8. It is her submission that the aforesaid facts would reveal that the
plea as taken in the appeal and now taken in the petition is just an
afterthought to improve upon his case. She states, no prejudice has been
caused to the petitioner inasmuch as the petitioner was given copy of the
enquiry report, wherein all the material which was against the petitioner
including in the deposition of PWs as well as DWs were put to the
petitioner for his response and the petitioner had infact responded to it
and the enquiry cannot be vitiated on this ground. She would rely upon
the judgments of the Supreme Court reported as 2008 (9) SCC 31
Haryana Financial Corporation & Anr. vs. Kailash Chandra Ahuja,
2001 (6) SCC 392 State of Uttar Pradesh vs. Harendra Arora & Anr.,
and 1980 (3) SCC 304 Sunil Kumar Banerjee vs. State of West Bengal
& Ors. to contend, prejudice not only to be pleaded but has to be proved
which according to her in the facts the petitioner has not been able to
prove.
9. Insofar as the denial of reasonable opportunity is concerned, the
learned counsel for the respondents in her submission would justify that
the proceedings were held in accordance with the Rules and Principles of
Natural Justice. She has taken me through some of the factual aspects
which according to her, would demonstrate that proper opportunity was
given to the petitioner. Similarly, the learned counsel for the
respondents has justified the penalty of dismissal imposed on the
petitioner. She states that even the allegations of malice are not
sustainable, more particularly, in view of the fact that the petitioner has
not even impleaded authority concerned to substantiate the allegations.

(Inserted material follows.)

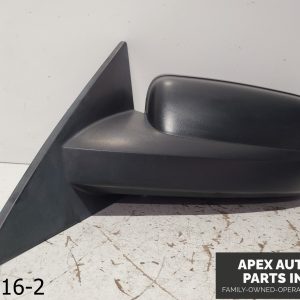 OEM 2005-2014 Ford Mustang 4.0L Driver Left Side View Power Door Mirror Black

That apart, insofar as the submission of Mr.Singh that the disciplinary
authority has disagreed with the findings of the Enquiry Officer and
without issuing a note of disagreement has passed the order of penalty is
concerned, she would state that in the order the Disciplinary Authority,
CMD has spelt out the reasons for accepting the findings of the Enquiry
Officer on the charges proved against the petitioner and also on the
charges not established, after considering the evidence on record. It is
her case, even if note of disagreement has not been given/tendered, the
petitioner had exercised the right of appeal against the order of the
Disciplinary Authority and as such no prejudice has been caused to the
petitioner and the impugned action cannot be faulted. It has been her
endeavor to contend that there is sufficient material on record for the
authorities to prove the charges against the petitioner. That apart, she
would state that no hearing is necessary by the Appellate Authority, as
such a stipulation is not there in the rules. She would rely upon the
following judgments of the Supreme Court in support of her contention:
(i) (1993) 4 SCC 727 M.D, ECIL & Ors v. B. Karunakar and Ors.
(ii) (2005) 1 SCC 13 Ganesh Santaram Sirur vs. SBI and Another.
(iii) (2011) 8 SCC 695 Oriental Bank of Commerce and Another vs.
R.K. Uppal.
10. In the last, it is her case that the charges framed against the
petitioner, demonstrates that the petitioner has not maintained the
discipline at the work place. The acts of the petitioner were pre-judicial
to the interest of the employer i.e Ed.CIL. The charges framed, which
stands proved are serious enough to justify the penalty of the dismissal
and this Court would not interfere with the quantum of the
penalty/punishment unless the punishment imposed is shockingly
disproportionate which is not in the case relying upon the judgment of
the Supreme Court reported as (2013) 10 SCC 106 Deputy
Commissioner, Kendriya Vidyalaya Sangathan Vs. J. Hussain; (2008)
7 SCC 580 State of Meghalaya vs. Mecken Singh. N. Marak.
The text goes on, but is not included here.